-- ACTIVITY --
Leave out all images and set down the records exactly as given.

START DATA IN THIS EXERCISE

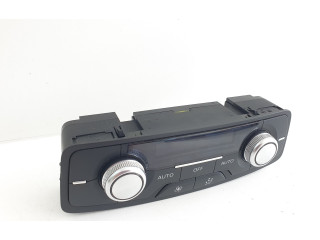 Блок управления климат-контролем 4G0919158M   Audi A6 S6 C7 4G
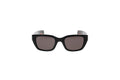 Lunettes De Soleil - Bottega Veneta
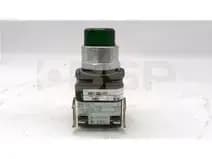 Allen Bradley 800T-QBL10G Allen Bradley 800T-QBL10G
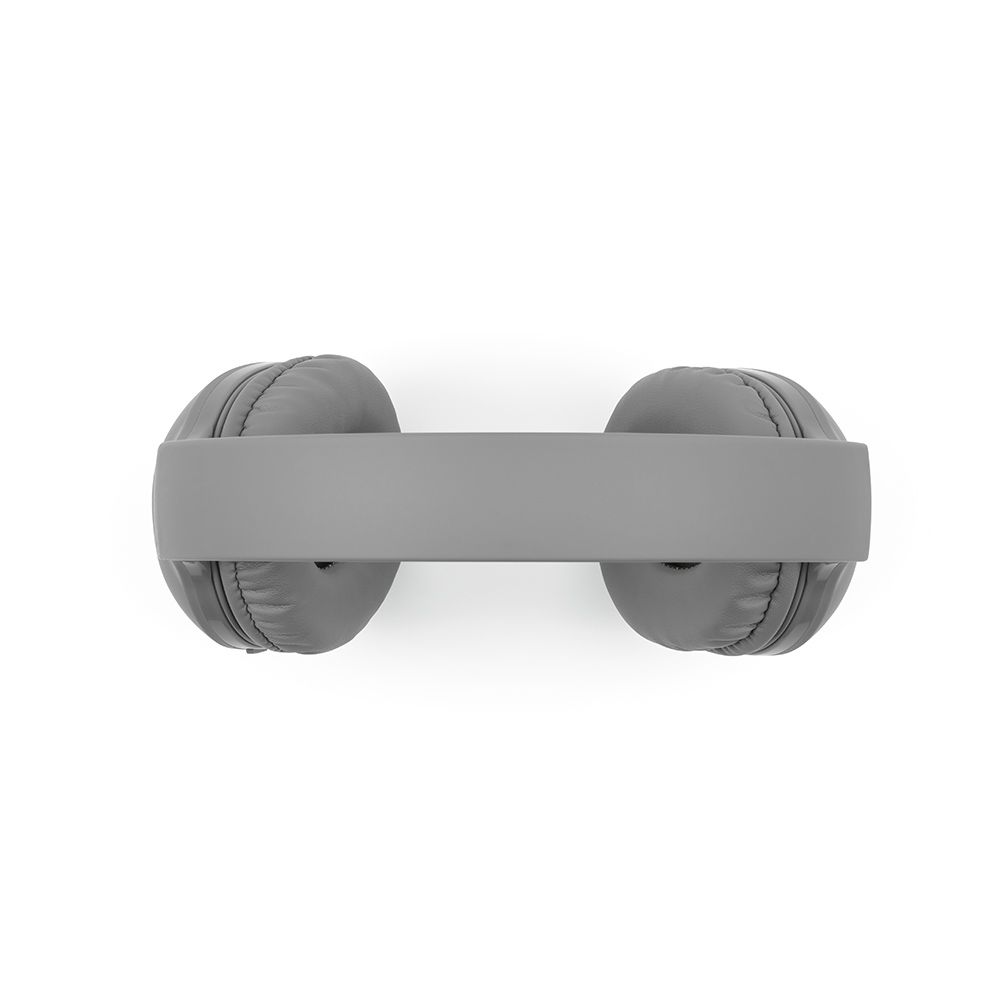 Picture of Galileo Headphones rABS 200mAh. 8h playtime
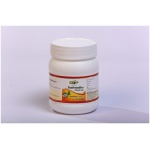 Vijay Ayurveda pharmacy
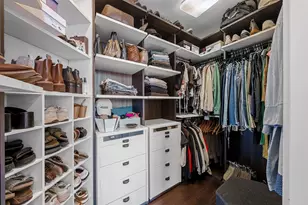 501 West Ave, Austin, TX 78701 - Photo 23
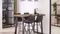 designline »Farmer« Bartisch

END DATA IN THIS EXERCISE

-- RESULT OF THE TASK --
 Блок управления климат-контролем 4G0919158M   Audi A6 S6 C7 4G
 Lunettes De Soleil - Bottega Veneta
 Allen Bradley 800T-QBL10G Allen Bradley 800T-QBL10G
 Picture of Galileo Headphones rABS 200mAh. 8h playtime
 Vijay Ayurveda pharmacy
 501 West Ave, Austin, TX 78701 - Photo 23
 designline »Farmer« Bartisch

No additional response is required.